The expected value can be defined in the following 2 ways
$$ E(x)=\int x.f(x) dx $$ $$ E(x)=\int_0^1 x dF(x) $$ I have an intuitive understanding of both of them. The first I can visualize moving along the x axis and multiplying x by some weight which is very small for most values. Where it is not so small, those values of x have a higher representation in the total sum. The second I can visualize moving along the y axis, pausing at infinitesimal regular intervals and noting the value of x where my current y value intersects.
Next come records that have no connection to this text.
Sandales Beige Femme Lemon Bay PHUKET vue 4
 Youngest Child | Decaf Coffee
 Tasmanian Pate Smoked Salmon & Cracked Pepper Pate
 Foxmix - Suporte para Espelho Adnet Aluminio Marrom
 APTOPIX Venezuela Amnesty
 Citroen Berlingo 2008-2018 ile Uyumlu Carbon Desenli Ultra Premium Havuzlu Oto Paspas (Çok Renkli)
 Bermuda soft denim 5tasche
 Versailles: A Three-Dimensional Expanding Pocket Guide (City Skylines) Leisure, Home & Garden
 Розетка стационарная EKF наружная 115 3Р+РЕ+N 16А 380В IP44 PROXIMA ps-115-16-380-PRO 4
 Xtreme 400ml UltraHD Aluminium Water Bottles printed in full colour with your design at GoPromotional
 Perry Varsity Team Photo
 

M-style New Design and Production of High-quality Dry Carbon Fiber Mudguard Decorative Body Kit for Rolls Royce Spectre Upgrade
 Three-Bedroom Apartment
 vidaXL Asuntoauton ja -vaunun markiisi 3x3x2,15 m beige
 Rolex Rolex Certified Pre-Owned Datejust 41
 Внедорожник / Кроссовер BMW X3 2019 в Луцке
I will encounter similar values of x when the slope of the function is very steep and so those values will have a higher representation in the total sum.
How do I show, analytically, that these 2 function are equivalent?
The procedure is Integration By Substitution other wise known as Change of Variable.
Since $F:\Bbb R\to [0;1]$ we must change the interval to correspond when we change the variable of integration using $y=F(x)$, $x=F^{-1}(y)$ , and $\frac{\operatorname d F(x)}{\operatorname d x}\operatorname d x = \operatorname d y$ .
$$\begin{align}\mathsf E(X) & = \int_\Bbb R x\;f(x)\operatorname d x \\[1ex] & = \int_\Bbb R x\;\frac{\operatorname d F(x)}{\operatorname d x}\operatorname d x \\[1ex] & =\int_0^1 F^{-1}(y)\operatorname d y \end{align}$$